- 荷兰村
- Created by: Ang Eng Tee（洪荣狄）
- Written by: Ang Eng Tee (洪荣狄)
- Starring: Chen Liping Xie Shaoguang Patricia Mok Cynthia Koh Jeanette Aw Vivian Lai Pierre Png Xiang Yun Mark Lee
- Opening theme: 快乐密码 (The Password To Happiness) By 邓妙华，邓桂华 and 邓雪华
- Country of origin: Singapore
- Original language: Mandarin
- No. of episodes: 125

Production
- Producers: Kok Len Shoong and Li Ningqiang (李宁强）

Original release
- Network: MediaCorp Channel 8
- Release: 9 June – 28 November 2003

Related
- Double Happiness Double Happiness II Portrait of Home Love Blossoms Love Blossoms II It Takes Two Hero 118 118 II 118 Reunion

= Holland V (TV series) =

Holland V (荷兰村) is a 2003 Singaporean drama series produced by MediaCorp. It stars Chen Liping, Xie Shaoguang, Patricia Mok, Cynthia Koh, Jeanette Aw, Vivian Lai, Pierre Png, Xiang Yun and Mark Lee as the casts of the series. The series revolves around the Mo family operating a nasi lemak restaurant located at Holland Village.
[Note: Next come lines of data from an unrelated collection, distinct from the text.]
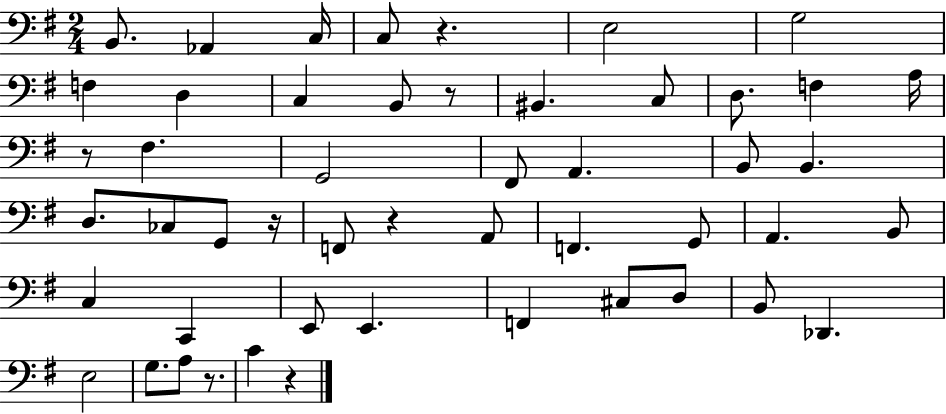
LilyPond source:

{
  \clef bass
  \numericTimeSignature
  \time 2/4
  \key g \major
  b,8. aes,4 c16 | c8 r4. | e2 | g2 | \break f4 d4 | c4 b,8 r8 | bis,4. c8 | d8. f4 a16 | \break r8 fis4. | g,2 | fis,8 a,4. | b,8 b,4. | \break d8. ces8 g,8 r16 | f,8 r4 a,8 | f,4. g,8 | a,4. b,8 | \break c4 c,4 | e,8 e,4. | f,4 cis8 d8 | b,8 des,4. | \break e2 | g8. a8 r8. | c'4 r4 | \bar "|."
} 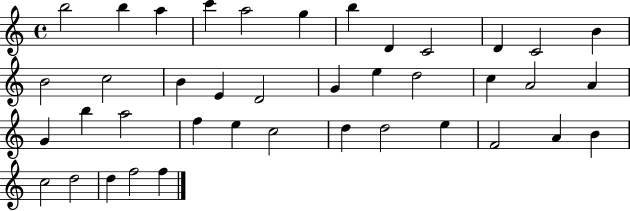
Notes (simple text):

B5/h B5/q A5/q C6/q A5/h G5/q B5/q D4/q C4/h D4/q C4/h B4/q B4/h C5/h B4/q E4/q D4/h G4/q E5/q D5/h C5/q A4/h A4/q G4/q B5/q A5/h F5/q E5/q C5/h D5/q D5/h E5/q F4/h A4/q B4/q C5/h D5/h D5/q F5/h F5/q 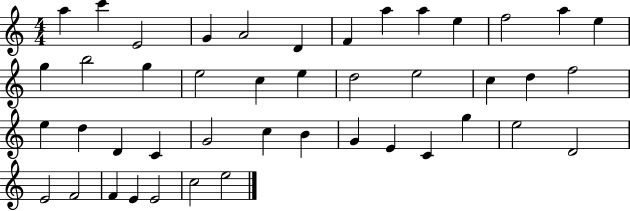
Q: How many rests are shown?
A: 0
Originally intended to be 115 episodes long, the series was extended to 125 episodes after strong viewership. This drama was also well received in the Star Awards 2003 ceremony as it became one of the two dramas to have won every one of four major acting categories (the other was The Dream Makers II in Star Awards 2016).

==Plot==
The main female character in the show is "Big Sister" Mo Wanwan, whom is known not only for her famous nasi lemak, but also for her Herculean strength, huge appetite and rotund build. Yet, she hasn't always looked like that. The hefty-sized Mo used to be a pretty, svelte girl, and had a daughter, Lin Siting, with Lin Jingcai at the age of 18. Jingcai then brought the baby back home to be taken care of by his wife Su Yueping, who is unable to conceive. Ever since Jingcai was put behind bars for a crime he committed, Yueping forbids Wanwan from seeing Siting. The two women are always squabbling, and are known as "the most quarrelsome duo in Holland Village".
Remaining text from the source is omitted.